= Guarani Language and Culture Athenaeum =

The Guarani Language and Culture Athenaeum (Guarani: Guarani Ñe’ẽte ha Arandu Anamandaje; Spanish: Ateneo de Lengua y Cultura Guarani) is an autonomous Paraguayan philanthropic institution founded by David Galeano Olivera on September 23, 1985, whose main objective is the recovery, valuation, and dissemination of the Guarani language, folklore, and culture. Headquartered in Fernando de la Mora, it brings together students, professors, graduates, teachers, doctors, personalities, and institutions such as cultural centers, institutions, and universities.

== Activities ==
Since its beginnings, the institution has sought to create citizen awareness in favor of the Guarani people through research and learning methodology. This methodology seeks to create scientific educational processes to achieve the understanding, updating, and improvement of the Guarani language, and the systematization of its cultural heritage through the contributions of its members and collaborators.

As an institution, it achieved the inclusion of the bachelor's degree in Guarani Language in higher institutes and collaborated in the creation of the teaching methodology for basic and middle level institutions in Paraguay.
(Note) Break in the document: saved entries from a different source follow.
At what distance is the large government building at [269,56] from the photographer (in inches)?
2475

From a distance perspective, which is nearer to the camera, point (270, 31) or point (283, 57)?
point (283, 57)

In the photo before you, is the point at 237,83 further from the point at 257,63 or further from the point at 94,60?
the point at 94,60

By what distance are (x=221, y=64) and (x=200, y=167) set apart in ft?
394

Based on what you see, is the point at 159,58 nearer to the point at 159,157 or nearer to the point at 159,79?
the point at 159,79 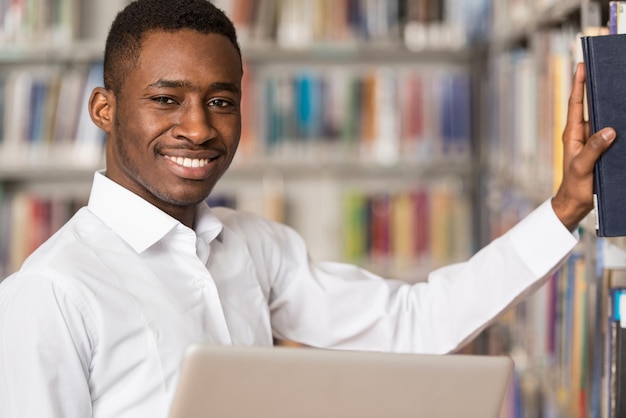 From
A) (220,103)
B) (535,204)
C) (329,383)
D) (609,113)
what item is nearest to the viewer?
(329,383)

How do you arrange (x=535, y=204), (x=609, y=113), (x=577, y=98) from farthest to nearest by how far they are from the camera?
1. (x=535, y=204)
2. (x=577, y=98)
3. (x=609, y=113)

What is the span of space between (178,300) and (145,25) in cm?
38

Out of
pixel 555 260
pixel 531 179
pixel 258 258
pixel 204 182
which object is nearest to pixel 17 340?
pixel 204 182

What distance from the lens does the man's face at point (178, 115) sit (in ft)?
4.10

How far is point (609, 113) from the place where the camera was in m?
1.07

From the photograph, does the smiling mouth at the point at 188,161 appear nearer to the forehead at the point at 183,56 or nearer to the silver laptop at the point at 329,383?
the forehead at the point at 183,56

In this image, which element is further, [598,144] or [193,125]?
[193,125]

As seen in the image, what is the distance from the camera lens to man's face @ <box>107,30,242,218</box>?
1.25 m

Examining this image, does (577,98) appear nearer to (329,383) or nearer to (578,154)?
(578,154)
This bore fruit until achieving a bilingual teaching of the areas of study in schools, a vital aspect mainly for schools and colleges outside the areas of Asunción and border capitals where Guarani is the predominant language. Likewise, it was decentralized for the promotion and systematized diffusion of the language, achieving the creation of branch centers in all the departmental capitals and important cities of Paraguay. As well as in many cities of Argentina and Brazil (due to the cultural influence), the United States, Spain and Italy, places with Guarani cultural influence due to the emigration of Paraguayans.

The Ministry of Education and Science of Paraguay, with Resolutions 369/1995 and 37/1999, recognized the work of the institution, taking advantage of its publications and those of its members for national education. Likewise, the Chamber of Senators recognized the “Instituto de Formación Docente del Ateneo de Lengua y Cultura Guaraní” as a formal institution of higher level with the decree law 2574/2005. Likewise, different institutions have declared its work to be of national interest. Thanks to the work of the members, the National Secretariat of Linguistic Policies of Paraguay issued Resolution 80/2012 creating the Academy of the Guarani Language.